Selasa, 10 Juli 2007

Tornado

Tornado disaster in heartland kills 39 or more
They came in a swarm: A raging storm of tornadoes ran across Tornado Alley on Sunday, May 4, 2003. One of the worst tornado outbreaks in recent memory killed at least 39 people, and obliterated towns in Missouri, Tennessee and Kansas.

Woman holds her face in her hands amid the devastation.
Darlene Young reacts to the devastation around her house in Pierce City, Mo., Monday, May 5, 2003, the day after the town was hit by a tornado. Young says her house was spared destruction by a church next to it that took the brunt of the winds. (AP Photo/John S. Stewart)

As the hard-hit towns start to clean up, The Why Files is wondering about tornadoes, nature's most horrific storm.
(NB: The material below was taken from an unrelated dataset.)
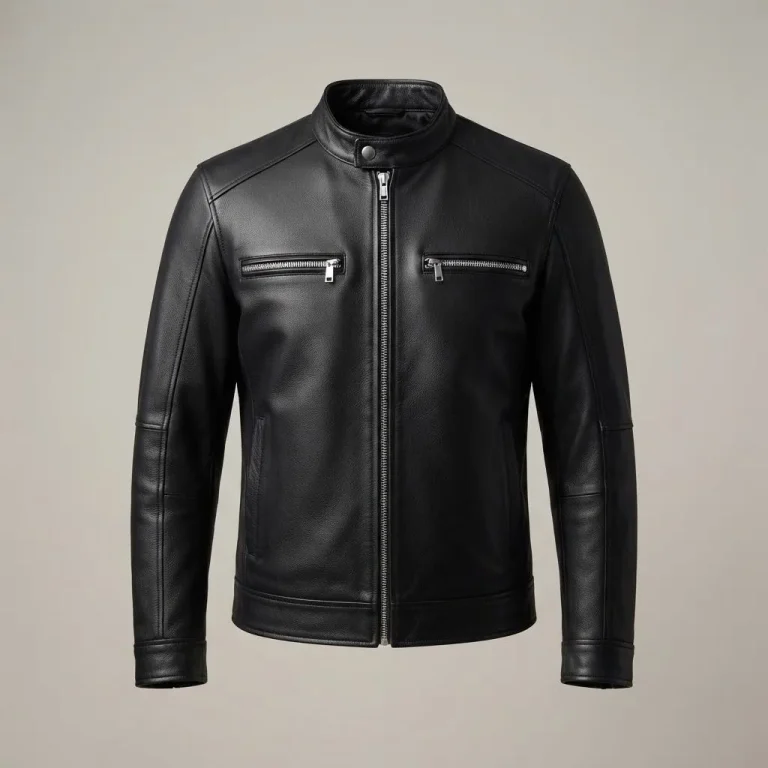 Black Café Racer leather jacket, front view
Where do these spinning winds originate? What drives tornadoes, and how can we protect ourselves from them?

Although tornadoes occur throughout the world, including India and Bangladesh, they are most intense and devastating in the United States. Tornadoes can strike at any time of day, but are much more frequent in the afternoon and evening, after the heat of the day has produced the hot air that powers a "tornadic thunderstorm" -- a t-storm that produces a tornado.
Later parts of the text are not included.